Melekler (bilgeler) temiz olarak vefat ettirdikleri (ahde vefa hesabından temiz çıkan) kimselere derler; Siz emniyet içindesiniz,
yaptıklarınızın karşılığı olarak cennet bahçelerine girin,
(
Konuşan bu meleklerin geleceğin insanları olduğu Araf 7/46 ayetinde açıklanır. )
33. Onlar
bu meleklerin (bilgelerin) hemen şimdi görünmesini ve rabbinin diriliş emrinin hemen
gerçekleşmesini mi bekliyorlar? Onlardan öncekiler de böyle yapmışlardı. O İlah
onlara zalim (nefsine uyan) olmadı, onlar kendilerine zalim (nefsine uyan) oldular,
34.
Böylece yaptıkları kötülük başlarına geldi ve önemsemedikleri şey onları
kuşattı,
35. Ortak koşanlar diyorlar ki; Allah dileseydi biz ve atalarımız Ondan başkasına
kulluk etmez, Ondan habersiz emir ve yasaklar koymazdık. Onlardan öncekiler de
böyle demişlerdi, elçilere düşen uyarmaktan başka bir şey mi?
36.
Şüphesiz O İlah’a kulluk etsinler ve yalanlardan sakınsınlar diye her ümmete (topluma) ayrı bir elçi gönderdik. O İlah onlardan kimine doğru yolu gösterdi, onlardan kimileri de saptırılmayı hak etti.

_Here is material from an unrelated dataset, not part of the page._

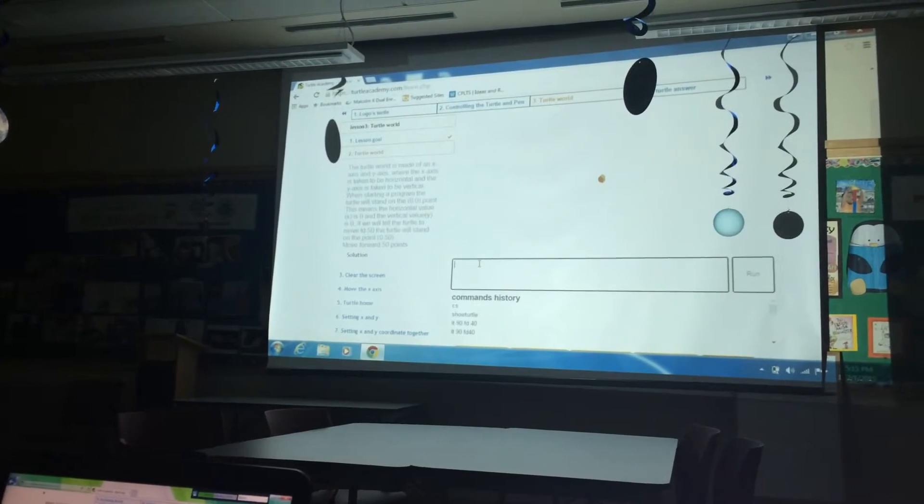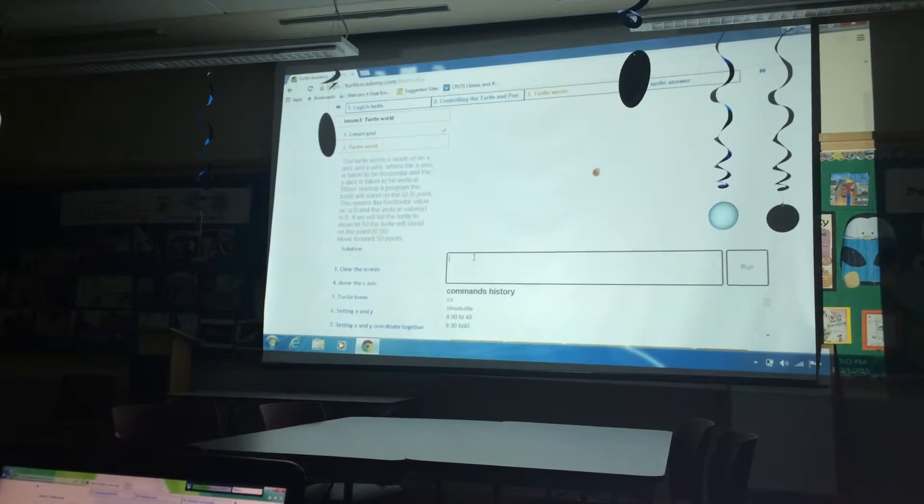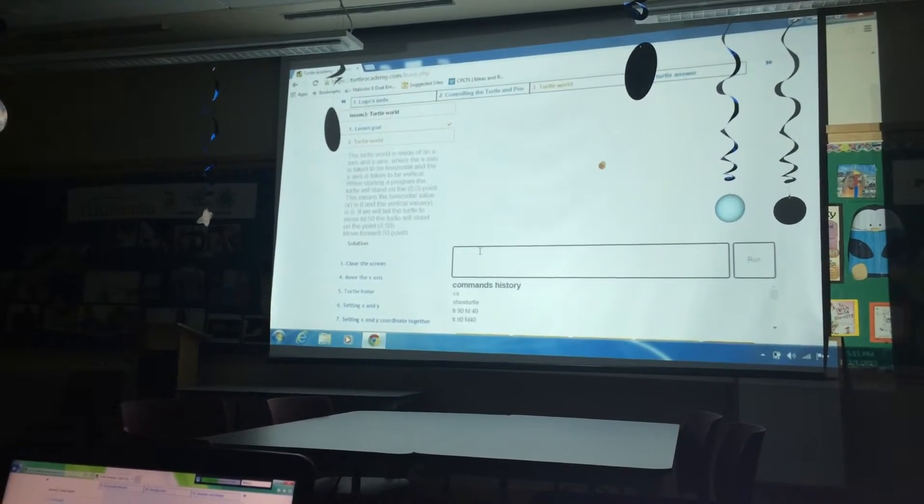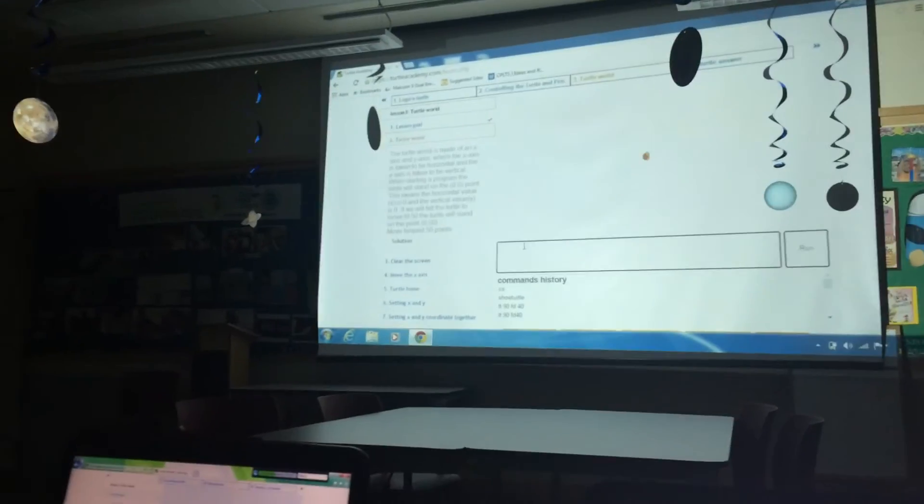If we tell the turtle to move forward 50, the turtle will stand on the point 0, 50 — moving forward 50 points.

Yeryüzünde dolaşıp bakın da yalancıların sonu nasıl olmuş görün,
37. Sen doğru yolu göstermeyi çok istesen de, O İlah saptırdığı kimseye doğru yolu göstermez ve onlara
yardım edebilen de yoktur,
38. O
İlah ölenleri asla diriltemez diye var güçleriyle yemin
ediyorlar. Aksine bu onun yüklenip vadettiği bir gerçektir,
fakat insanların çoğu bilmez,
(
Buradaki "yüklenme" fiilini, insanlığın yüklendiği bilimsel gelişme süreci
olarak anlıyorum. )
39. Hakkında
tartıştıkları şeyi açıklamak ve kâfirlerin (kalp körlerinin) yalancı olduklarını göstermek
için,
40. Biz
bir şeyin olmasını dilediğimizde sözümüz sadece ol demektir, o olur,
41. O
İlah yolunda eziyete uğrayıp terki diyar edenlere dünyada kucak açarız, ahiretteki (gelecek yaşamdaki) mükafatları ise elbette daha büyüktür, keşke bilselerdi,
42. Onlar sabredenler ve rablerini vekil edenlerdir,
43.
Senden önce vahiy verip gönderdiklerimiz de ancak birer insandılar, bilmiyorsanız zikri (Allah ilmini) bilenlere sorun,
44. Biz sana eski sayfalardaki belgelerle birlikte zikri (Allah ilmini) de indirdik ki, onların insanlar için indirildiğini onlara açıklayasın. Umulur ki bunun üzerinde düşünürler,
45.
Kötülük tuzakları kuranlar O İlah’ın yerin dibine geçirmesinden veya
beklemedikleri bir azaba uğratmasından eminler mi?
46. Veya
şuraya buraya dönüp dururken önüne geçemedikleri bir şekilde yakalamasından?
47. Veya
korkular içinde eritip tüketmesinden? Ancak, şüphesiz rabbiniz merhametiyle şefkatli,
48. O
İlah’ın yarattığı şeylerden bir şeyi (bir cini veya bir insanı) görmüyorlar mı? O İlah'a secde eder de onun gölgesi (sığındığı menfaatler) sağdan sola meyleder. Onlar küçülüp aşağılık olanlardır,
( Ayet gölge kavramı anlaşıldıktan sonra anlam kazanıyor. )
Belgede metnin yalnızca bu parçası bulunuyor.